He told them that he would come for one year on a trial basis. His kind
relatives, who feared for his life and the lives of his family, arranged a
rabbinic position for him in Erie, PA. Needless to say, Erie was no match for
his hometown of Vashki. Despite the winds of war that were blowing, he let the
relatives know that he was going back home. Erie wasn’t for him and he surely
wasn’t about to bring his family there and watch them die a spiritual death.
Rav
Levin allowed a colleague to hold his position in Vashki while he was away so
that he could gain experience and have something to show on his résumé that
would help him obtain a rabbinic position in a different town. However, when
Rav Levin wrote to his friend that he was returning to Vashki and would be
reassuming the position, the man was devastated. He said that he would never get
another job and pleaded with Rav Levin to let him remain in the position of rov
of Vashki. “You are more experienced and better qualified, and you will be able
to obtain a position in a different town. I won’t. Please permit me to stay
here,” the man wrote.
Although
it had been his father-in-law’s position and he had occupied it for a number of
years, Rav Levin didn’t have the heart to unseat the man from the job. He tried
to obtain a position by writing friends and contacts, but as can be imagined,
that proved unfruitful. Meanwhile, his American relatives secured for him a
rabbinic position in Detroit, which was a definite step up from Erie. With his
choices drying up, he moved to Detroit and sent for his family.
With
their meager possessions and several of Rav Levin’s seforim along with kisvei
yad of his father-in-law, the family set sail on one of the last boats
leaving Europe before the war broke out. They arrived in the United States just
ahead of the destruction of Lithuania. That rov and the entire Jewish
population of Vashki were wiped out. No one survived. Hashem yikom domom.
It
wasn’t easy in Detroit. There were 32 rabbonim in the city at that time
and they weren’t happy with Rav Levin. He was what they called “ah greener.”

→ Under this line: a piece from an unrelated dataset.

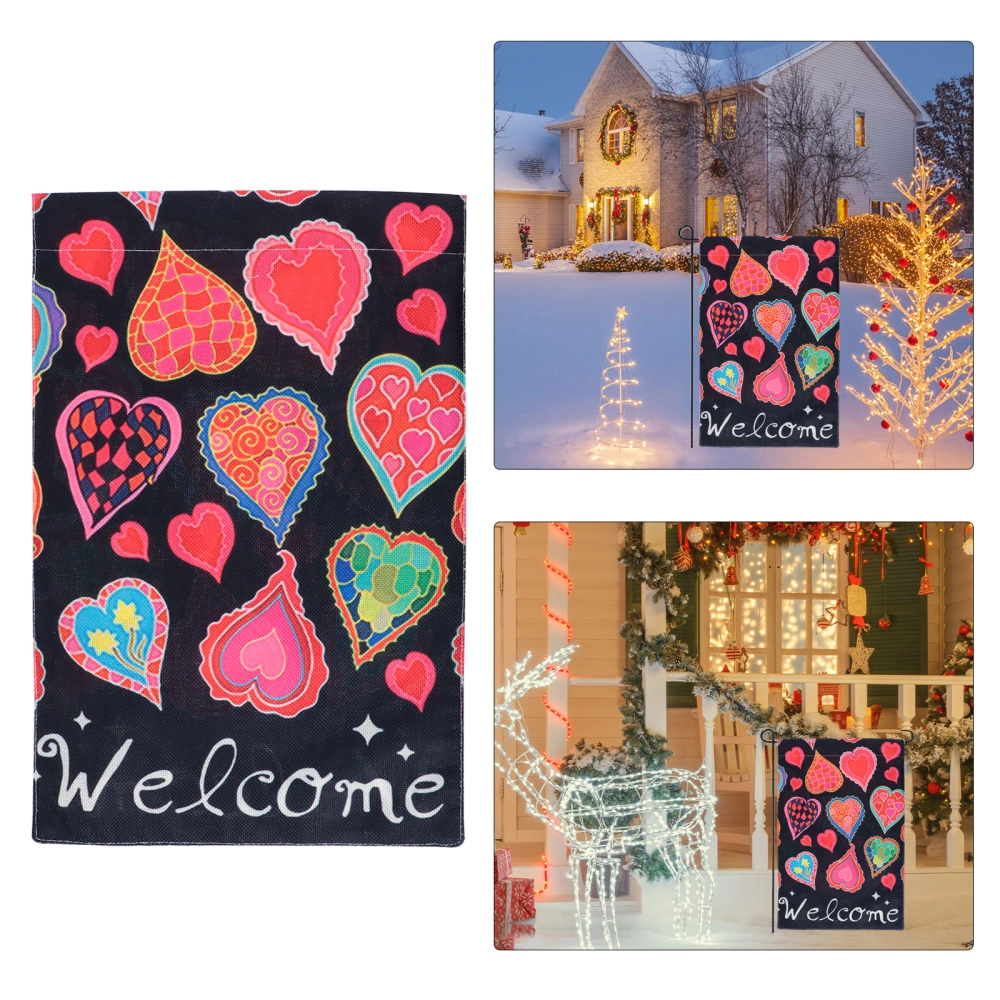 1Pc Valentine's Day Courtyard Flag Romantic Linen Welcome Printing Garden Flag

They said, “Vos darf men huben noch a rov? Nisht nor dem, ehr iz a
greener, noch tzu der tzu.” They were unwelcoming of the recent
immigrant.
Though
he never bragged, he would say, “Fun zei alleh iz gornit gebliben. Es iz nit
gebliben kein zeicher. All those rabbis who fought against me were not able
to hold on to their children. I was the only one, because I sent my son away to
learn in Telz.”
He
lost everything and everyone he held dear in the war. He had three daughters
and one son. His pride and joy. Yet, he sent his son away to learn in
Cleveland. Can you imagine how much strength that required? A lot more than
most people had at that time. Yet, he knew that the only way he could hold on
to that son was by sending him away, seeing him just a couple of times a year.
Years
later, when that one son, my uncle, Rav Avrohom Chaim Levin, was a respected rosh
yeshiva, my zaide was vacationing at Camp Agudah Midwest. My
uncle was asked to deliver a Daf Yomi shiur to Chicagoans who
were vacationing there. Before the shiur, the camp director noticed the
elderly rov approaching. “Where is the Daf Yomi shiur to take
place?” Rav Leizer asked the director.
Assuming
that the rov, with his refined nature and noble spirit, felt obligated
to attend so as to not embarrass his co-vacationers, the director assured Rav
Levin that he should not feel obligated to join and that it was a simple, basic
shiur.
Rav
Levin looked at him. “Do you think I would miss an opportunity to hear my son
teach a blatt Gemara?” he asked in surprise.
His
son was and is a prominent rosh yeshiva, mechaneich and leader,
but to Rav Levin there was nothing simple, basic or taken for granted. He would
not forgo the simple Jewish joy of a father hearing his son teach a blatt
Gemara.
He
was quiet and determined, and he possessed an iron will and super-human
spiritual strength, typical of Litvaks. But he wasn’t the stereotypical Litvak,
thought to be cold, unemotional and most comfortable with his own kind.
Whenever someone repeats that stereotype to me, I tell them that they didn’t
know my zaide. He was warm and tolerant, and he wasn’t a Litvak
because he learned in a yeshiva named after a Lithuanian town. He was a
real Litvak. He was born there. He was raised there. He went to yeshiva
there. He was a rov there. And he embodied the greatness of Lithuanian
Jewry.
He
was full of love for all types of Jews. He was warm and caring.
I
wear an atorah on my tallis. It was inherited from my
grandfather. His second wife was the daughter of a chassidishe rebbe,
and when they married, she gave him a tallis with an atorah as a
gift. She probably didn’t know that Litvkas don’t wear a silver atorah.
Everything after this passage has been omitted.